Cinco quilos de marmelos amarelos, perfumados, de tamanho médio, ainda com penugem na casca, trazidos à casa de Maria de Lourdes Modesto pelo Chefe António Bóia, da APCC, foi o ponto de partida para um dia passado na cozinha.

O objetivo era registar fotograficamente todos os passos da receita, tal como era feita no Convento. Uma receita partilhada com a conhecida gastrónoma, há já muitos anos, por Lucinda Canto, antiga trabalhadora a dias da instituição que, apesar de não saber escrever, considerava importante deixar o seu testemunho. Maria de Lourdes Modesto fez questão de lhe prestar tributo e partilhar agora com os alunos da ACPP (Associação de Cozinheiros Profissionais de Portugal), numa das tertúlias que decorrem todas as últimas quintas-feiras de cada mês. “Não quero morrer sem transmitir a verdadeira receita de Marmelada do Convento de Odivelas, que é branca e cheira a marmelo”, terá dito Lucinda a Maria de Lordes.

Fica a receita: os marmelos são lavados cuidadosamente, cortados e descascados. Por terem tendência a oxigenar rapidamente, são mergulhados em água quente, para não escurecerem.

Uma vez descascados e descaroçados, os marmelos vão a cozer 15 minutos numa panela de aço inoxidável. Nesta altura pode ser enriquecido com um pau de canela, casca de limão, cravinho, pimenta da Jamaica ou tirinhas de gengibre.

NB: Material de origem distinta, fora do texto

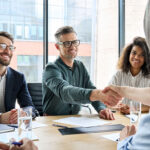 businessman and businesswoman shaking hands and negotiation at group meeting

Enquanto isso, pesa-se as cascas e caroços, pormenor importante para calcular a quantidade de açúcar a utilizar. Subtrai-se o valor desse desperdício aos 5 quilos iniciais de fruta. Por cada quilo de polpa soma-se 1,250 g de açúcar branco; por cada quilo de açúcar, 2,5 dl de água. Deitam-se juntos num tacho e leva-se a lume brando a derreter e então aumenta-se o lume até ganhar ponto. Este “desperdício” pode depois ser aproveitado para a confeção de geleias. Enquanto isso, reduz-se a polpa da fruta a puré com a ajuda de um passe-vite equipado com o cravo mais fino.

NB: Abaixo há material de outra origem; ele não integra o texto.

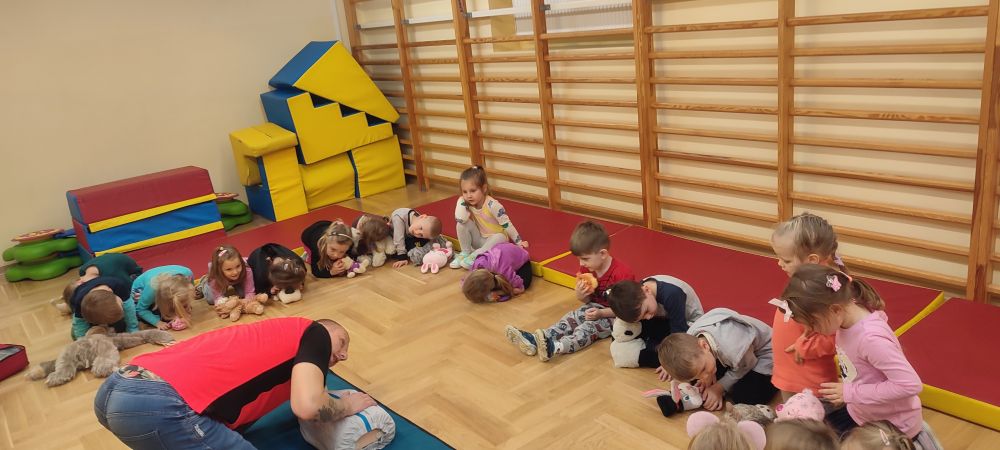 Ratownik medyczny jest schylony nad fantomem nasłuchując oddechu, dzieci naśladują ratownika nachylając się policzkami nad swoimi pluszakami.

“Quando vemos as bolhas grandes, retiramos um bocado do xarope, deitamos na água bem fria e tentamos apanhá-lo. É sinal que se encontro no ponto. Faz o barulho de uma pedra a cair”, explica Maria de Lourdes.

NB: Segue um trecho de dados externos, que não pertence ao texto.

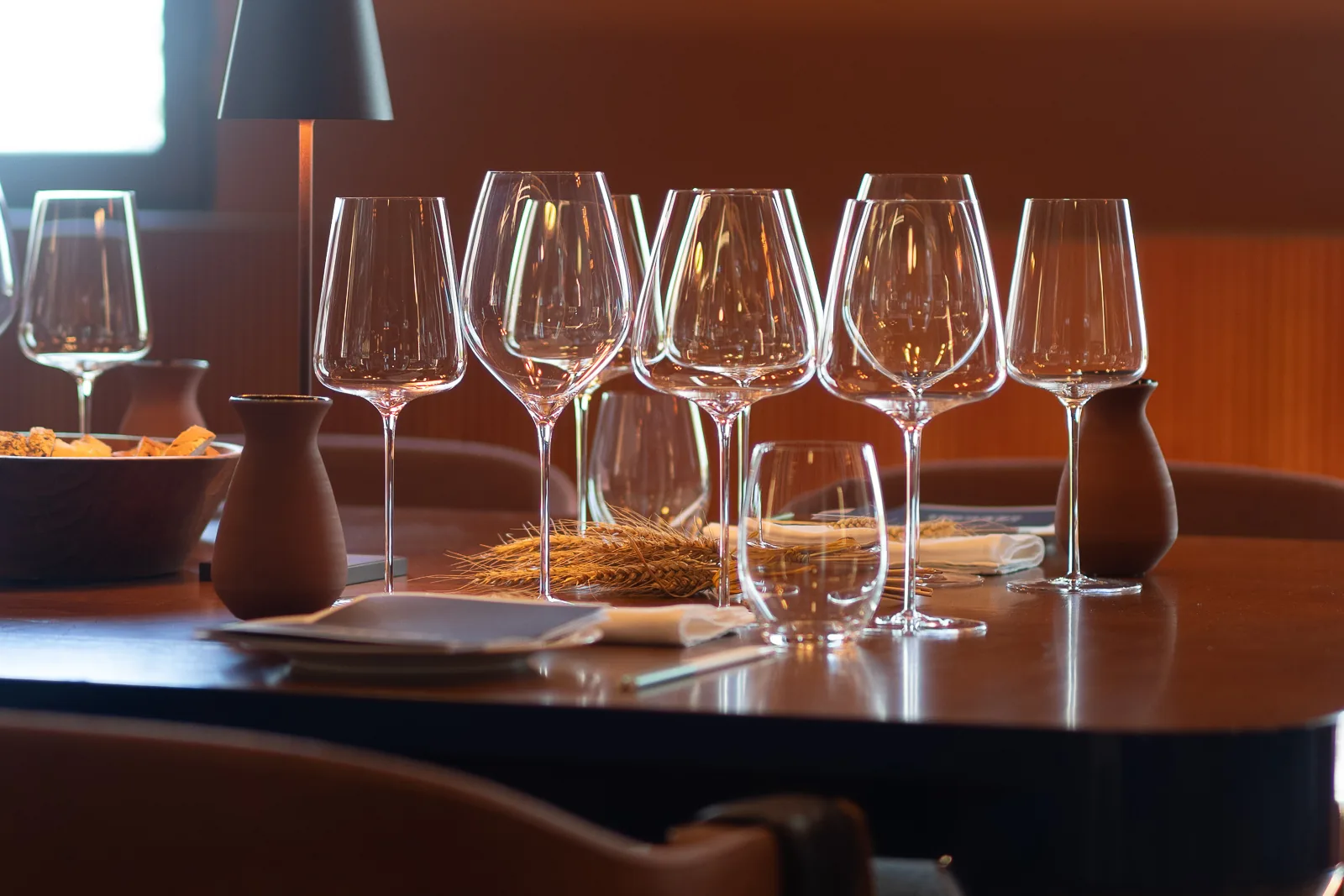 Calici allineati sul tavolo di legno della sala degustazione, pronti per la visita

Surge a parte “menos agradável”, quando é preciso desfazer o açúcar, o que pode ser resolvido com uma varinha mágica. Mexer custa “cada vez mais” e é quando “a colher se mantém ufana, em pé, no centro do tacho, que a marmelada está pronta”.

Virgílio Nogueira Gomes e Maria de Lourdes Modesto
Virgílio Nogueira Gomes e Maria de Lourdes Modesto créditos: Ana César Costa

A mistura é deitada nos tabuleiros e nas clássicas tijelas de marmelada e deixada a solidificar. Ao fim de quatro ou cinco dias, a marmelada está pronta a consumir. “Mas já comi uma com seis anos brilhante”, garante Virgílio Nogueira Gomes, especialista em gastronomia e promotor destas tertúlias da ACPP.

A Marmelada Branca de Odivelas “parece ter nascido no Convento de Odivelas”, adianta o gastrónomo, mas era “de economia doméstica, tão comum que nem havia registos”. Prova disso é a popular marmelada vermelha, mais comum e com menos açúcar. Virgílio Gomes cita o livro da Madre Paula, amante de D. João V e a expressão “marmelada” para levantar algumas dúvidas sobre a origem conventual do conhecido doce.